Sri Lanka Cricket: A rudderless ship heading nowhere

Thursday, 24 February 2022 00:00 -     - {{hitsCtrl.values.hits}}

 


By Sa’adi Thawfeeq

Judging by the performance of the cricket team in Australia, it is becoming evidently clear that Sri Lanka cricket is a rudderless ship heading nowhere. 

A good example is how Sri Lanka Cricket (SLC) and the Cricket Development and Technical Advisory Committee (Tech) with all the super star pundits appointed by the Sports Minister are struggling to introduce a cohesive plan towards rescuing cricket from the depths it finds itself over the last six years. A classic example of the skewered line of thinking of the current SLC think-tank is clearly demonstrated with the recommendations allegedly being made by the Tech committee.

A head coach should have the stature to command respect of his charges and the names that have come up for the post in the past few weeks indicate that the Tech committee and SLC are nowhere close to identifying a suitable candidate with the required credentials for the post.

A Sri Lankan coach will never be able to manage the politics involved with cricket in Sri Lanka. We have tried several local coaches in the past and failed miserably. We are beating the same old tried and tested drum which has repeatedly proven a failure in trying to bring in local coaches.

You need an independent free-thinking coach who will do his job without any favours or agendas promoted by anybody. A very strong-willed independent coach who has the ability to establish a working relationship with the selectors and the rest of his support staff and form a team to be cohesive in everything they do. It has to be someone who will be only doing the job of a coach and not try to be a selector.

The current set of selectors are unfortunately handicapped with the fitness policies they have chosen to adopt and also the type of players they keep selecting in spite of blatant shortcomings in their skills and techniques which is a total disaster. Past selection committees have also worked with foreign coaches and at no stage had they had any issues with them. They have always managed them with a lot of diplomacy giving them the due recognition of the role they play and at the same time bringing in their line of thinking and convincing them to have trust in their judgement as well.

At the moment there is no visible cohesion at all. The selectors are saying one thing, the coaches are doing another and suddenly SLC find themselves without a coach before major series. They bring in coaches to replace the national head coach’s position as stop gaps when these coaches were not even given junior teams to manage. If you are going to be playing in the big league you need professionals, the right people with proven credentials. But what we find is that those responsible for looking for a head coach do not want professionals but lackeys whom they can control and keep interfering with.
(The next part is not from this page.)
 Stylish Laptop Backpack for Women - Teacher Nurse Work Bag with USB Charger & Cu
We have treated our foreign coaches with such disdain and disrespectfulness, we have acquired a very poor reputation as unreliable employers. We have lost the credibility in the eyes of the international cricketing community. All this is naturally having a devastating effect on the national team’s performances.
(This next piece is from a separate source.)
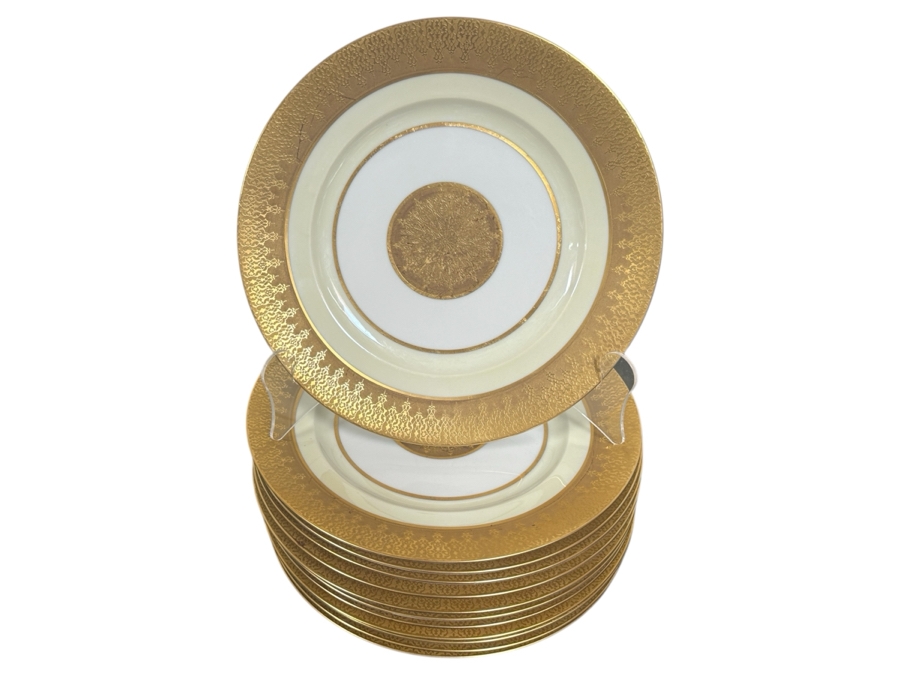 Just Added - (12) Royal Bavarian Hutschenreuther Selb Bavaria Gilt Dinner Plates 10.75W Estimate $708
The first four T20Is against Australia were all one-sided, this was in spite of David Warner and Mitch Marsh, their T20 World Cup heroes being rested. After taking a winning 3-0 lead in the five-match series Australia rested a few more of their key players and Sri Lanka still lost the fourth T20I.

Sri Lanka won the fifth and final T20I because they improved their running between the wickets which made the difference. They should have been doing that from the very first game. When you count the number of dot balls our batsmen played in the first four games that in itself tells the story of how clueless our coaching staff is with the boys not running their singles and twos.

With a T20 World Cup round the corner it is not fair to blame the cricketers for the shortcomings of the SLC and the Tech committee who have to take the entire blame.

You cannot expect to be parachuting a head coach seven months before a major tournament like the World Cup and expect him to produce miracles. He needs to get a team working together and there has to be a lot of thought and planning going into it, including a meaningful working relationship between the selectors and coaching staff with the administration fully backing them with all the resources required. It is a process.

The high-profile Tech committee with all the superstars was brought in with the hope that there would be very clear guidelines set to get cricket on track, but they have not taken one proper decision which has been accepted and garnered support from the cricketing fraternity in this country. It is a clear case of the blind leading the blind to any casual observer.